▶ Exercise details
Search the entries below for "18 - Austrian". Give that line and all the lines after it again, exactly, through the last, without pictures.

▶ Material provided
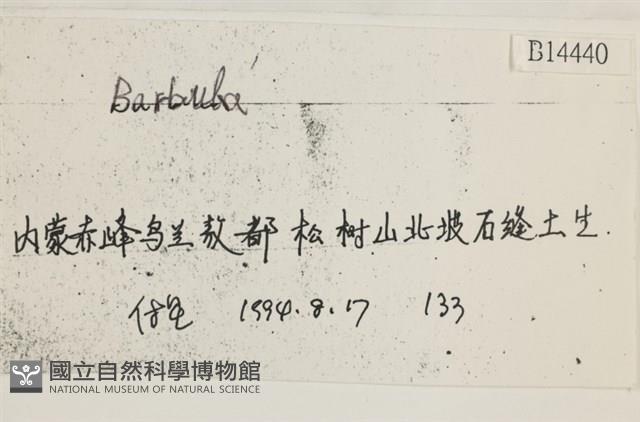 登錄號:B00014440藏品圖，第2張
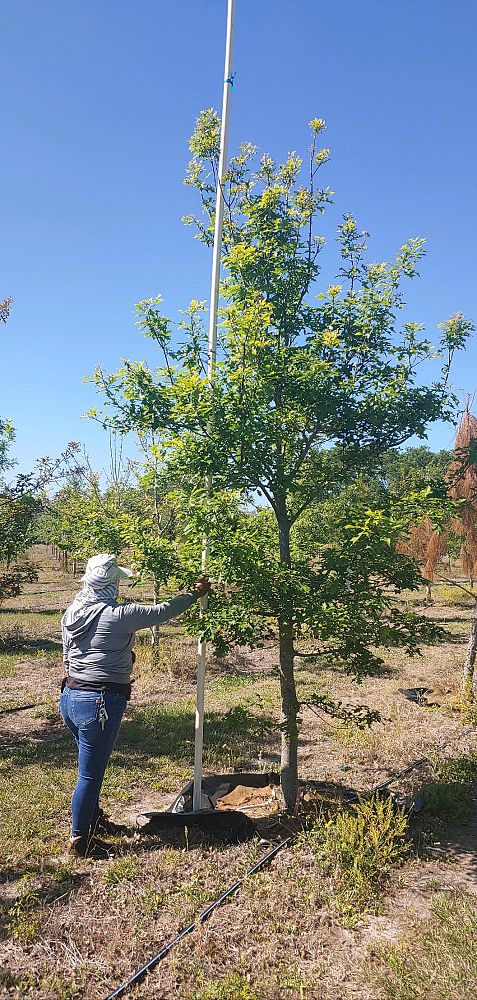 quercus-texana-nuttall-oak-quercus-nuttallii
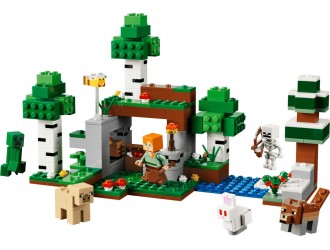 Set de constructie 21593 Aventura primei nopti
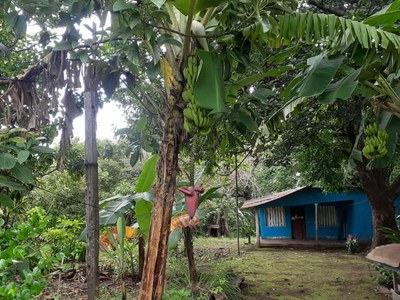 4. Steiner_Investment_Real_Estate-House-Home-Casa-For_Sale-Liberia-Costa_Rica-C166.jpg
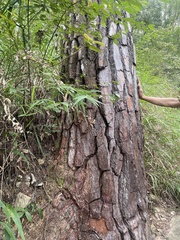 Pinus taiwanensis
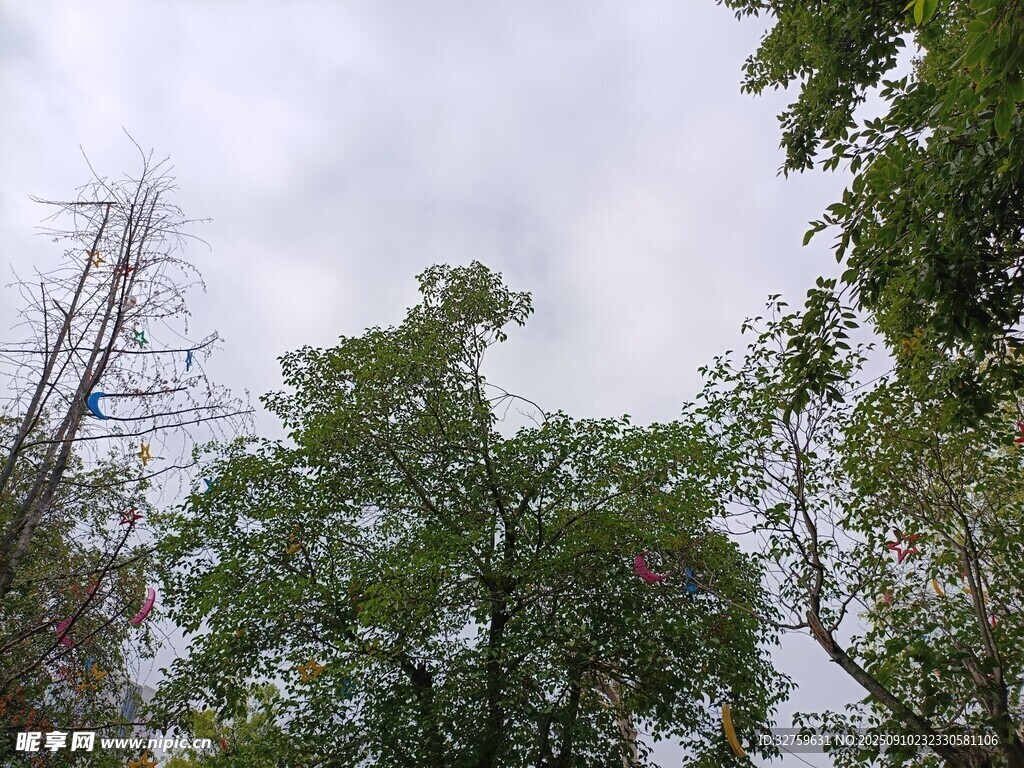 林間樹梢 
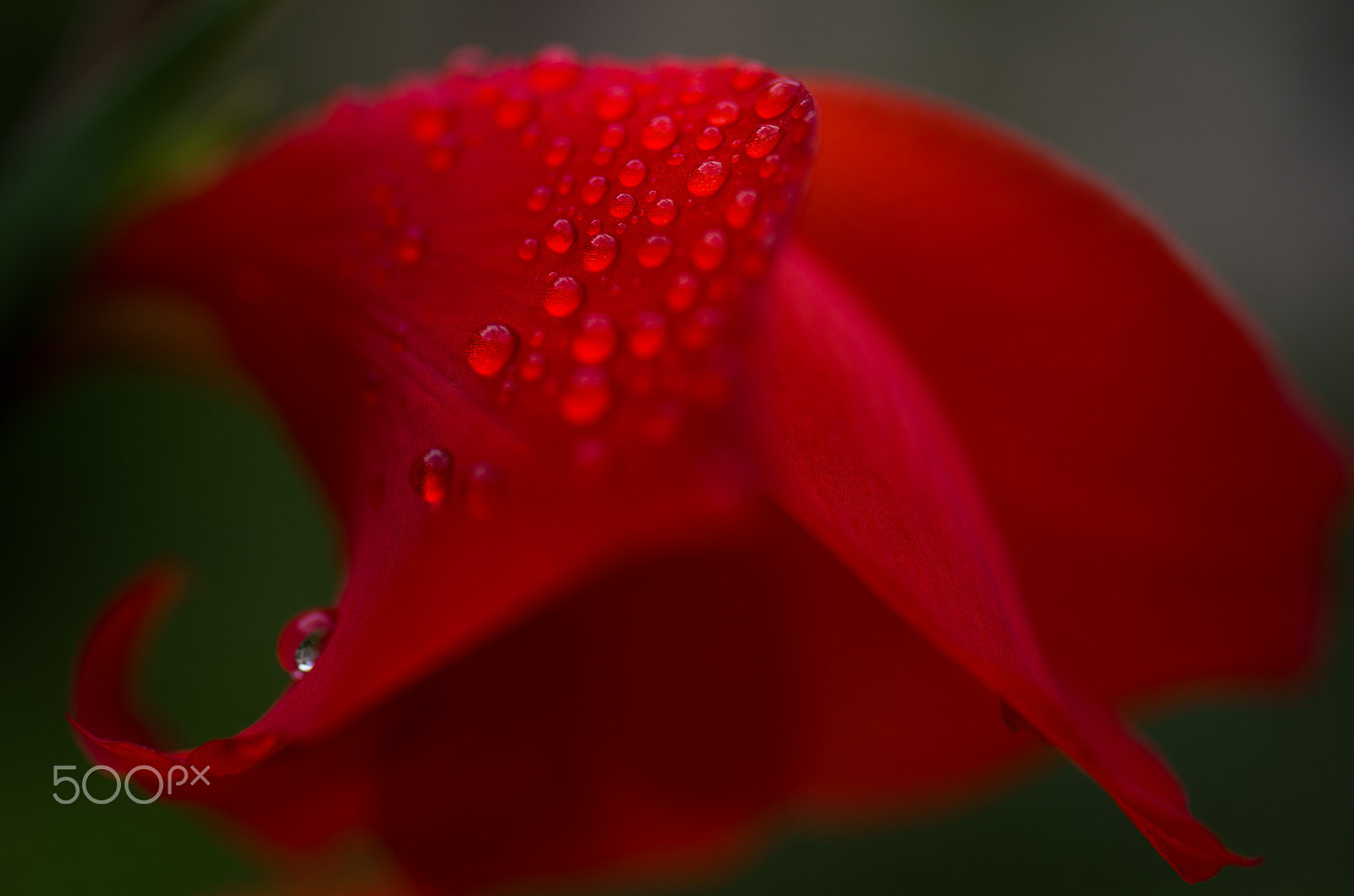 smc PENTAX-F MACRO 50mm F2.8 sample photo. Water droplets photography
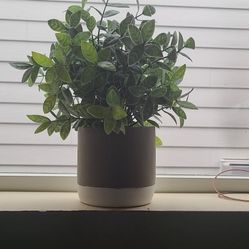 Artificial Plant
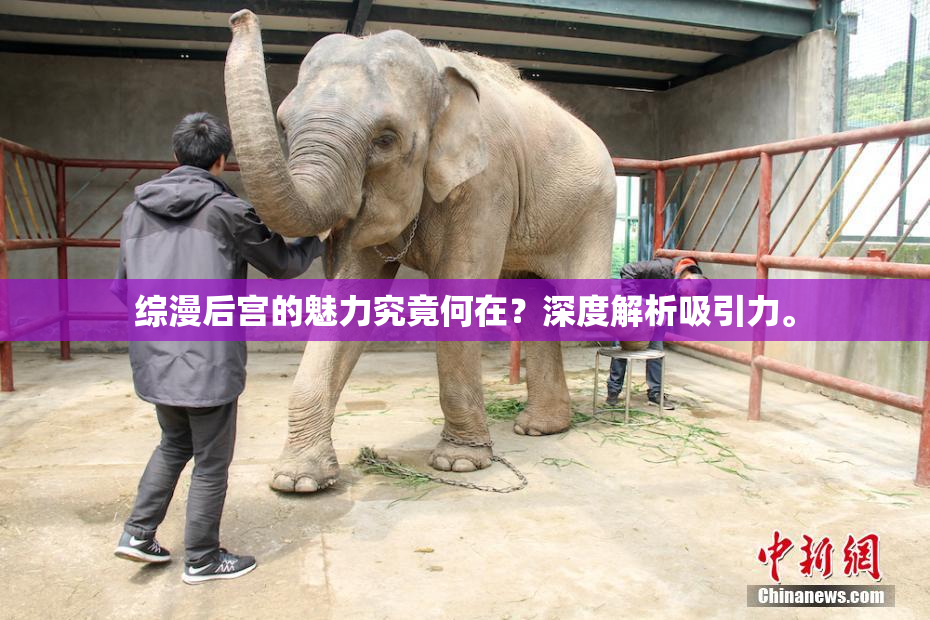 综漫后宫的魅力究竟何在？深度解析吸引力。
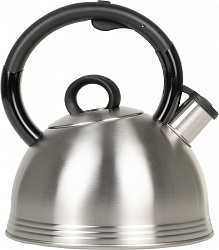 Чайник металлический Rondell Premiere RDS-237 2.4л. стальной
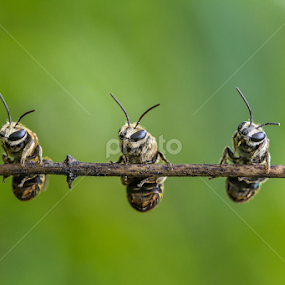 friend by Shandy Abd Azis M - Animals Insects & Spiders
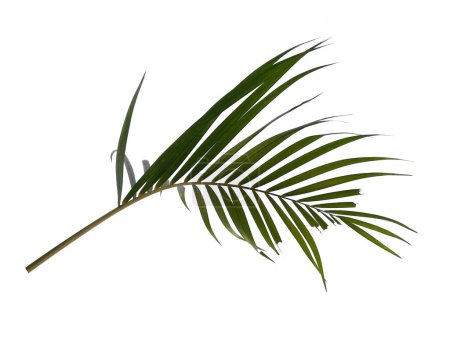 Green leaves or green leaf isolated on white background. Bamboo palm leaves or palm leaf on white background. Leaves Background or Leaf Background for Decoration. Beautiful and Exotic Leaf. Plant Background and Tree Background. Plants in Garden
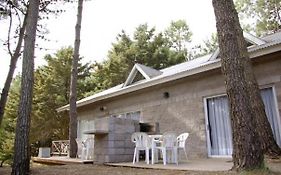 Loft Hadas del Bosque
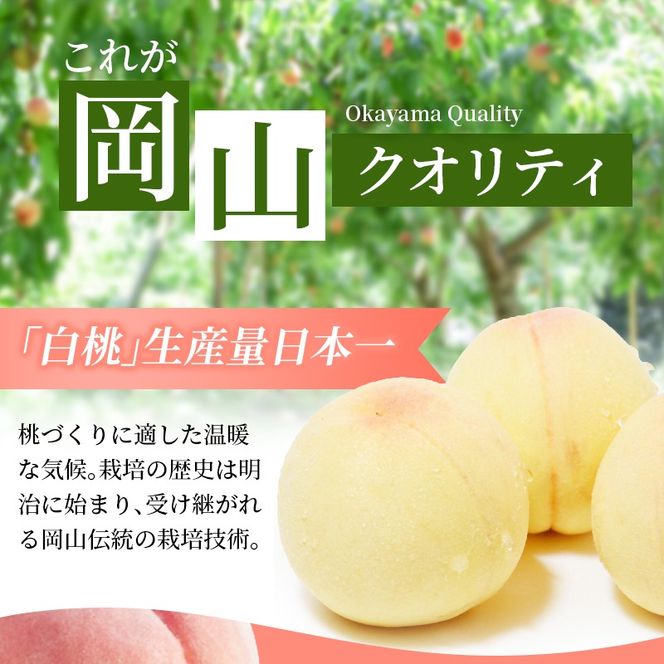 【2026年先行予約】 岡山県産 白皇 2kg 化粧箱入り・贈答用 高級 白桃 はくおう 花田青果【8月中旬～9月初旬まで順次発送予定】/ 桃 もも モモ 果物フルーツ 贈答品 贈り物 岡山県【hnds005】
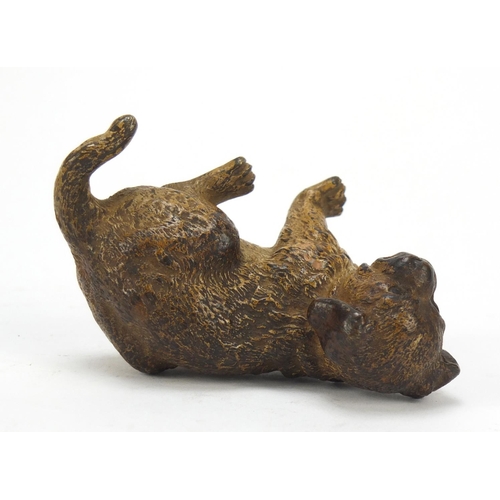 18 - Austrian cold painted bronze puppy possibly by Franz Xaver Bergmann, impressed Depose and lozenge ma... 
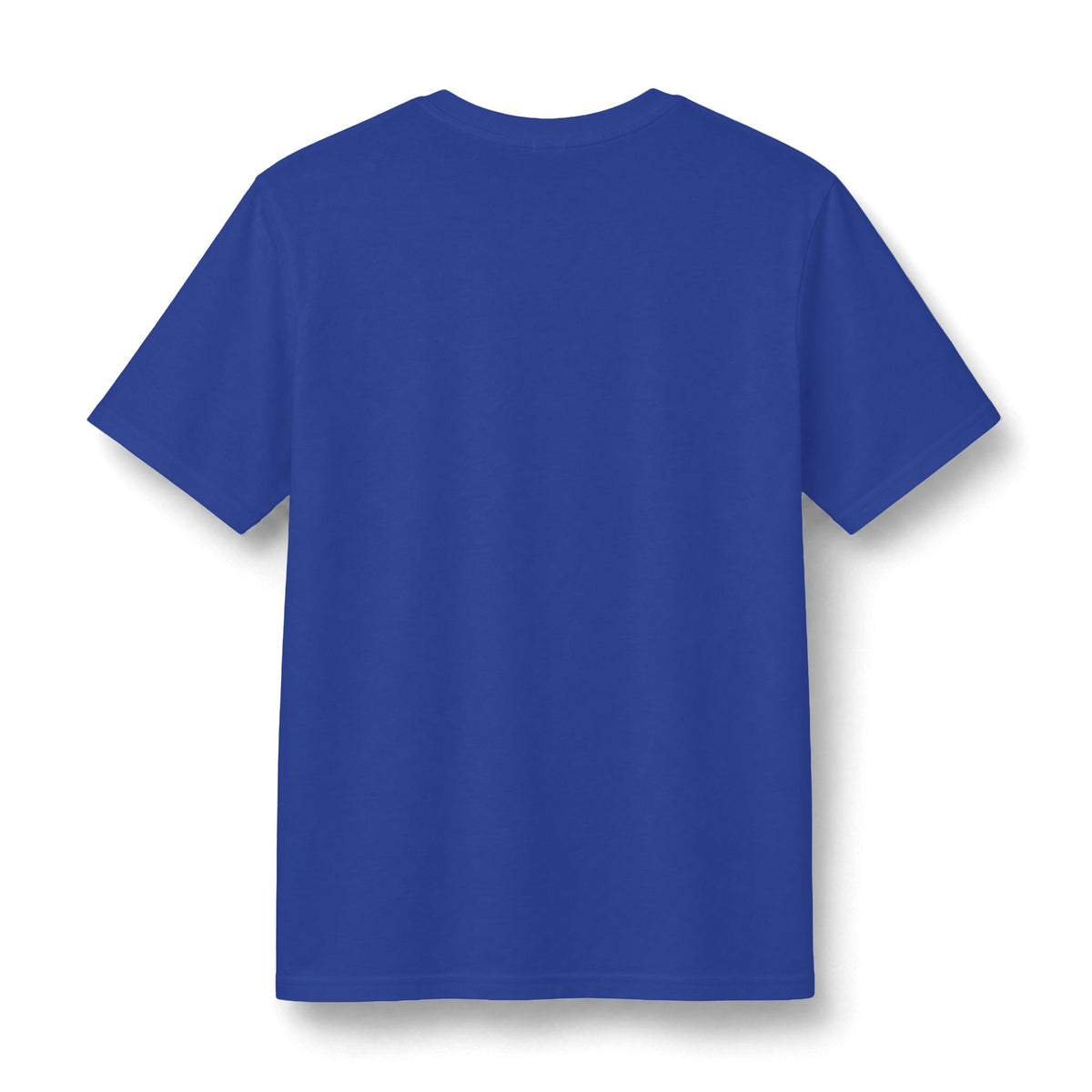 Redacted Files Concert Tee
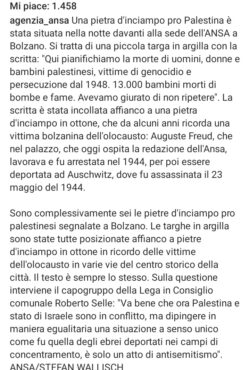 Pietra Dinciampo Pro Palestina 250x370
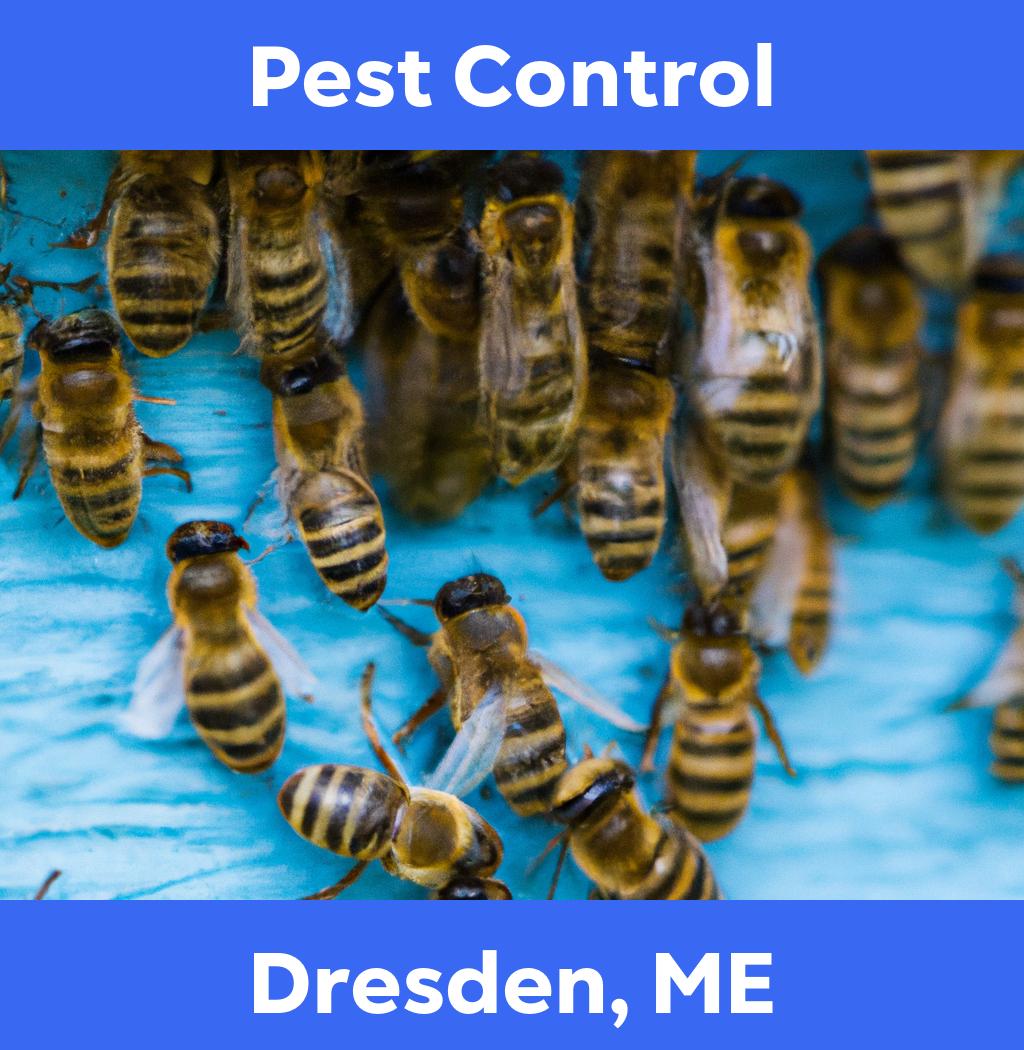 pest control in Dresden Maine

▶ Answer to this task
 18 - Austrian cold painted bronze puppy possibly by Franz Xaver Bergmann, impressed Depose and lozenge ma... 
 Redacted Files Concert Tee
 Pietra Dinciampo Pro Palestina 250x370
 pest control in Dresden Maine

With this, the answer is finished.